In statistical analysis we have evaluated separately the hearing outcomes in the left and right ears and adjusted for age, gender and site of examination. The possible interaction of the latter with OAEs is unclear as OAEs measures are rather slightly influenced by a variety of physiological characteristics (17, 19) and in our setting we have been taking account of them. Concerning additional potential confounders, other research indicates that iodine deficiency and severe caloric restriction may impair hearing among children (5052). However given that the status of iodine nutrition in Slovakia is presently normal (53, 54), and that adolescents in our study were of healthy weight, we did not consider measures of iodine deficiency or caloric intake as a potential confounders.

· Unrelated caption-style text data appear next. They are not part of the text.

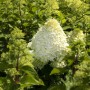 Rispenhortensie Grandiflora, cremeweiße Blüte, 60-100 cm hoch. Blühende Zimmerpflanze für Beet und Garten.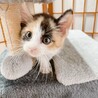 ◼️早期不妊手術チップ済◼️穏やかな三毛猫 サムネイル3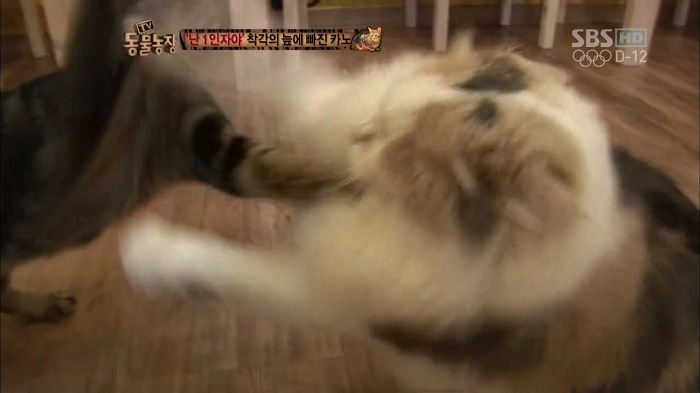 흥미로운 고양이들의 세계 | 인스티즈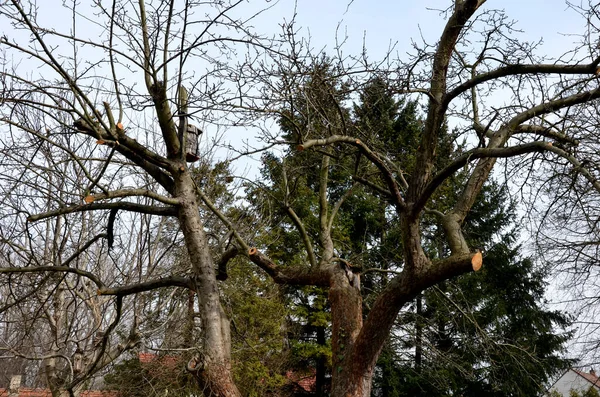 Snoeien Van Oude Appelbomen Door Een Tuinman Boomgaard Een Veeleisende — Stockfoto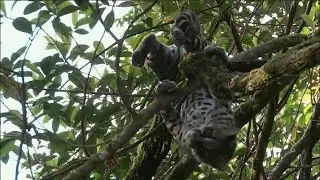 Margay: Smallest wildcat with monkey locomotion superpowers #documentary #science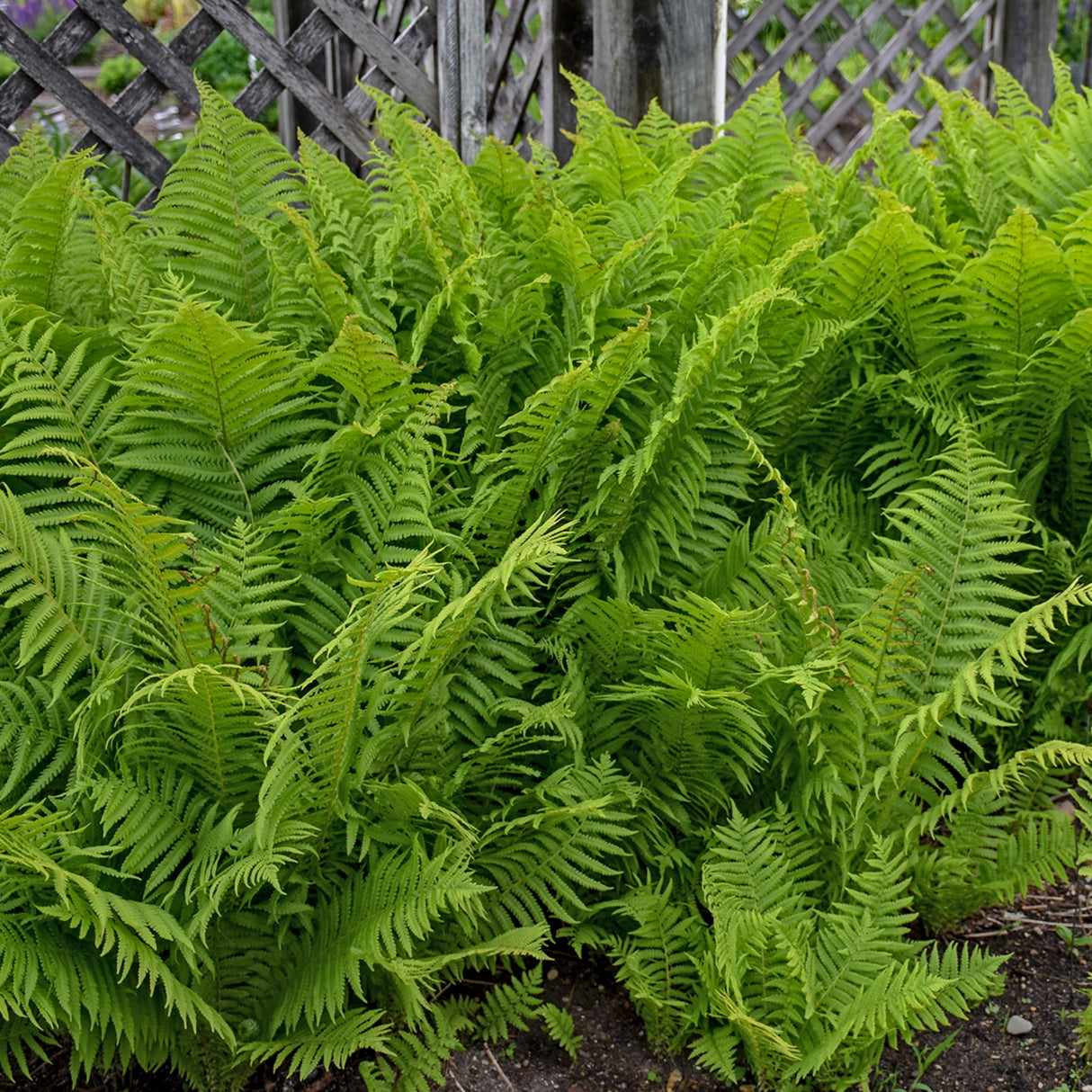 Ostrich Fern 'The King'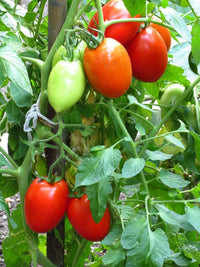 Rot Opalka Gemüsesamen - Easy Planting for Home Gardens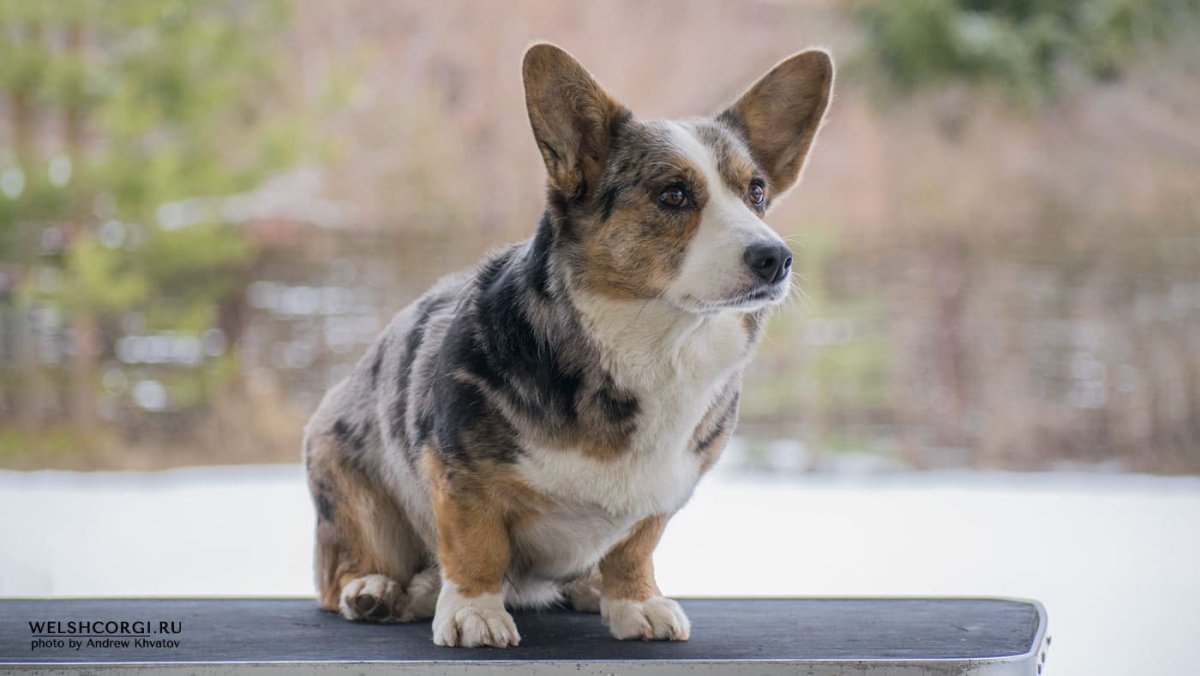 Корги кардиган мраморный и Триколор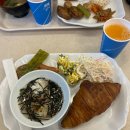 윤카센타 | 겨울이면 생각날거야 삿포로여행 2일차.비에이 렌트여행.다이마루.크리스마스 나무. 비에이숙소 톰테룸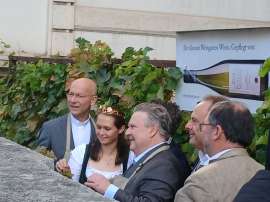 copyright: Michael Strausz:Faber_Weinknigin_Ludwig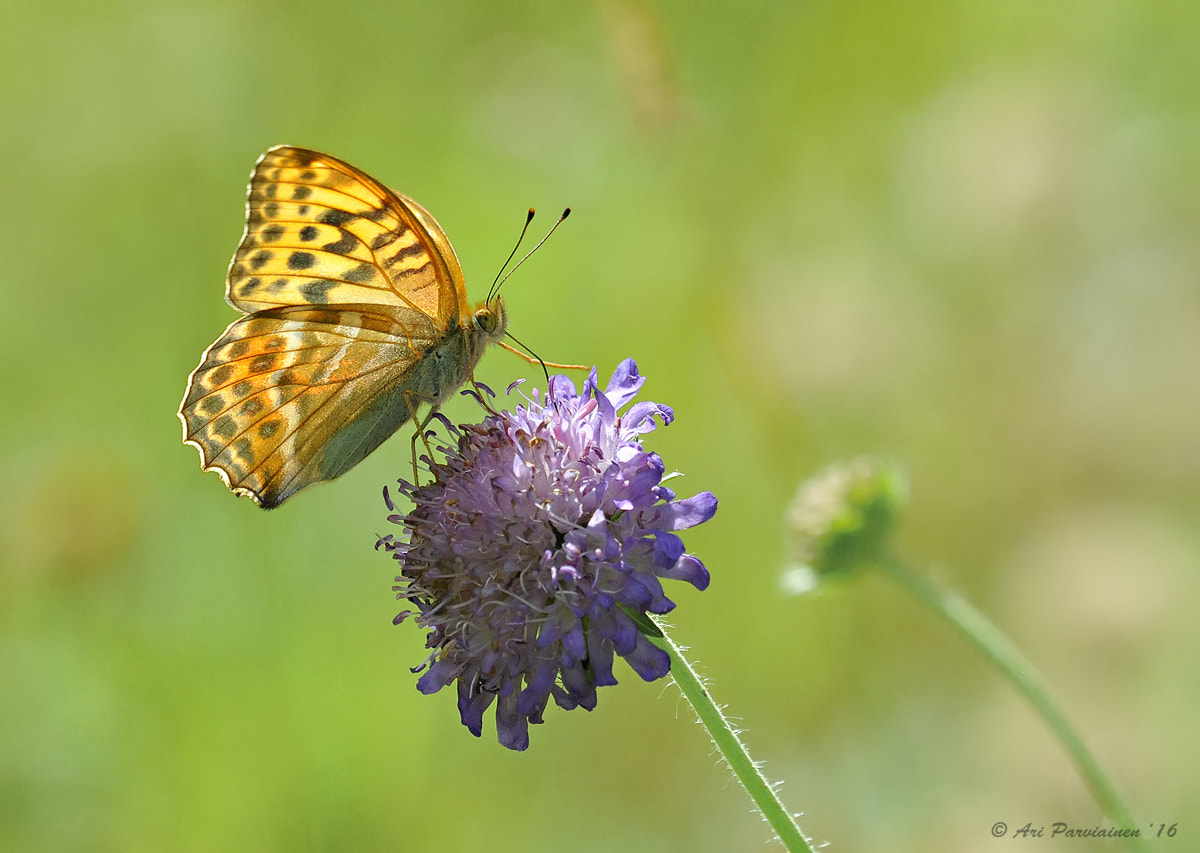 Sigma 150mm F2.8 EX DG OS Macro HSM sample photo. Silver-washed fritillary photography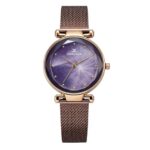 Daniel Klein Analog Purple Round Dial Rose Gold Case Purple Mesh Strap Stone-Studded Water-Resistant Wrist Watch for Women Girls, Ladies DK11873-4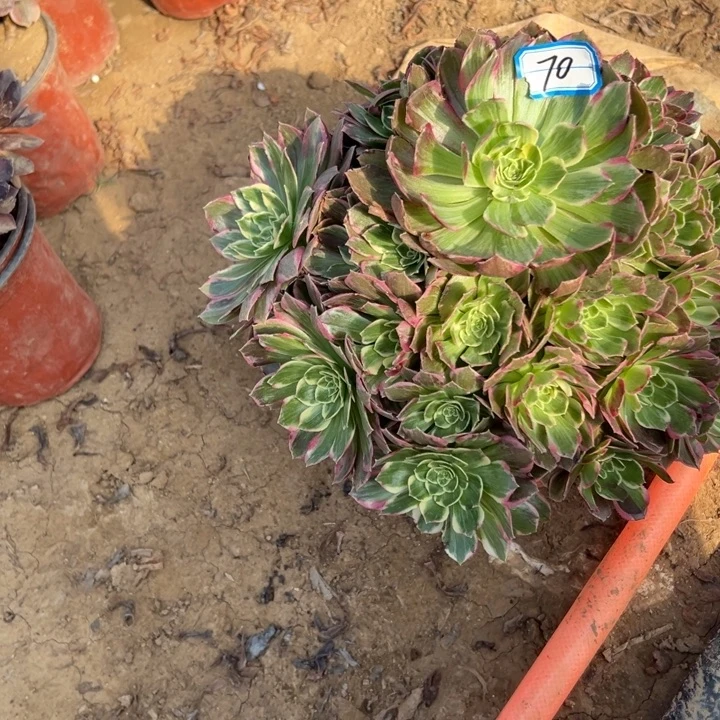 老***己多肉植物万彩灯70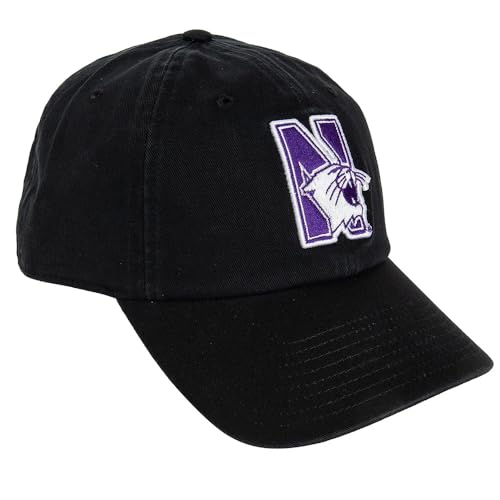 Desert Cactus Northwestern University Baseball Hat NU Wildcats Brimmed Embroidered Hats Cap Adjustable Cloth Strap Adult (Style F) Black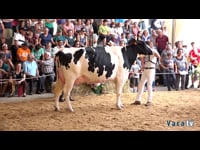 Vacas de 3 a 4 años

The observed changes in cochlear status are subclinical and are unlikely to interfere with neurobehavioral development and speech comprehension among adolescents. However, in combination with exposure to solvents, ototoxic drugs, and noise, the adverse otological outcomes may be potentiated.

Acknowledgments

This study was supported by grants from the Slovak Research and Development Agency (APVT-21-016804), Fogarty International Center National Institutes of Health (#R03TW007152) and European Commission (FP6, SSPE-CT-2005-044232 ENVIRISK) and in part by the Intramural Research Program of the National Institutes of Health, National Institute of Environmental Health Sciences.

Footnotes

Brief

Associations between PCB concentrations and otoacoustic measures assessed at 12 years of age were observed in children living in the Slovak Republic.